I know there's a storm looming in the distance. It's severity, unknown.....but I know there's always a rainbow and the sun will come again.

6+ Years

I have to say that in the 6 + years I have had CLL, I really wouldn't have known it but for the doctors appointments, blood tests, ct/pet scans, etc.  You can find all sorts of normal reasons why you get sick a little more often, have a little bit of a loss of apatite and don't feel as energetic as you think you should. Really, life has been pretty normal. If I have learned anything, it would be just to keep on pushing through no matter what the results of any tests are. Also, some of the best things in life came after the diagnosis. Go figure.
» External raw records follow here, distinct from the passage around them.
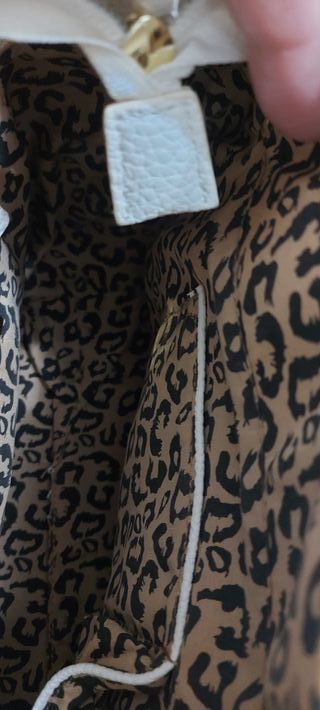 Borsa a mano bianca con manici in legno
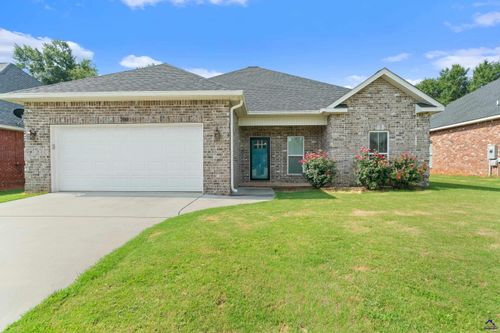 208 Asbell Way, Centerville, GA, 31028-3100 | Card Image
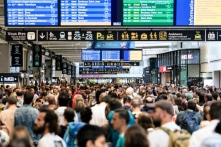 Đường sắt cao tốc của Pháp bị tấn công tê liệt trước thềm Olympic Paris 2024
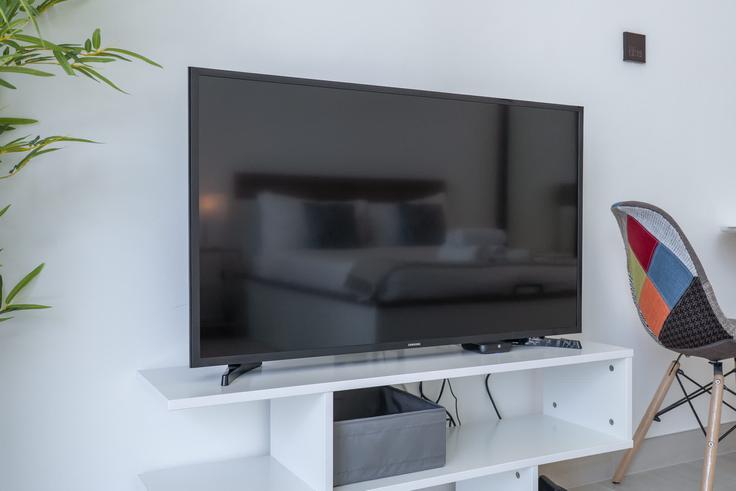 Elegant gestaltetes Wohnzimmer mit moderner Einrichtung in einer Wohnung im Building Binghatti Lavender - airdxb - 1226652 - DXB in Jumeirah Village, Dubai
More to come.

You Need Chemo..

So, a couple of weeks ago I was told that it was time to do some chemo to kick some arse on my Chronic Lymphocytic Leukemia. I was diagnosed in 2006 so I knew this day was coming. I feel pretty darn good but my spleen has grown to a point where it's beginning to put a damper on eating big meals.....and I really like to eat! Anyway, I go in on March 20 to figure out the details.  More to come when I get the scoop.